Look through the material and copy each line holding "Used".

» **Records**
════
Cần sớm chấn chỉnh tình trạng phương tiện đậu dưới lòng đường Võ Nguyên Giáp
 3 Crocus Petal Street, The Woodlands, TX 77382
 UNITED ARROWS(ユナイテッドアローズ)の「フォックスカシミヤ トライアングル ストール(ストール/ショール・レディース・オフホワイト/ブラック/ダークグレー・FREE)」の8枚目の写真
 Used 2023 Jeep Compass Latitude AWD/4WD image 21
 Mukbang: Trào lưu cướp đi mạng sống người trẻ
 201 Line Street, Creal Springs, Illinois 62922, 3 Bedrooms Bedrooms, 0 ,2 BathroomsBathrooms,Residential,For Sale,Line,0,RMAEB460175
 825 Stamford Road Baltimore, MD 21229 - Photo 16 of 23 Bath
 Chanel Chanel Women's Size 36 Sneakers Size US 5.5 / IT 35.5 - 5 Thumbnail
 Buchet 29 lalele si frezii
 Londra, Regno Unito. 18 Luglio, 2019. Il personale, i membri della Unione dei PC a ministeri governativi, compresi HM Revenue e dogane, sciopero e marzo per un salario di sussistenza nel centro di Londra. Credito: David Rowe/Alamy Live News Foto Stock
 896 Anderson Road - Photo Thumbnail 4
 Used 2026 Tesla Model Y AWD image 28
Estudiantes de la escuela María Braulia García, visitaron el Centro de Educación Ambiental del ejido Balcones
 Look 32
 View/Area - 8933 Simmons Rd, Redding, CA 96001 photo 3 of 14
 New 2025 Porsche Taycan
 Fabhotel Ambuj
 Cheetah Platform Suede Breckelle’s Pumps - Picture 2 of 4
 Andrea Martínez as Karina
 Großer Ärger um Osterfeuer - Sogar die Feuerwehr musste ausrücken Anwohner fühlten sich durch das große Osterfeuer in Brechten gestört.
════
» **Answer below**
 Used 2023 Jeep Compass Latitude AWD/4WD image 21
 Used 2026 Tesla Model Y AWD image 28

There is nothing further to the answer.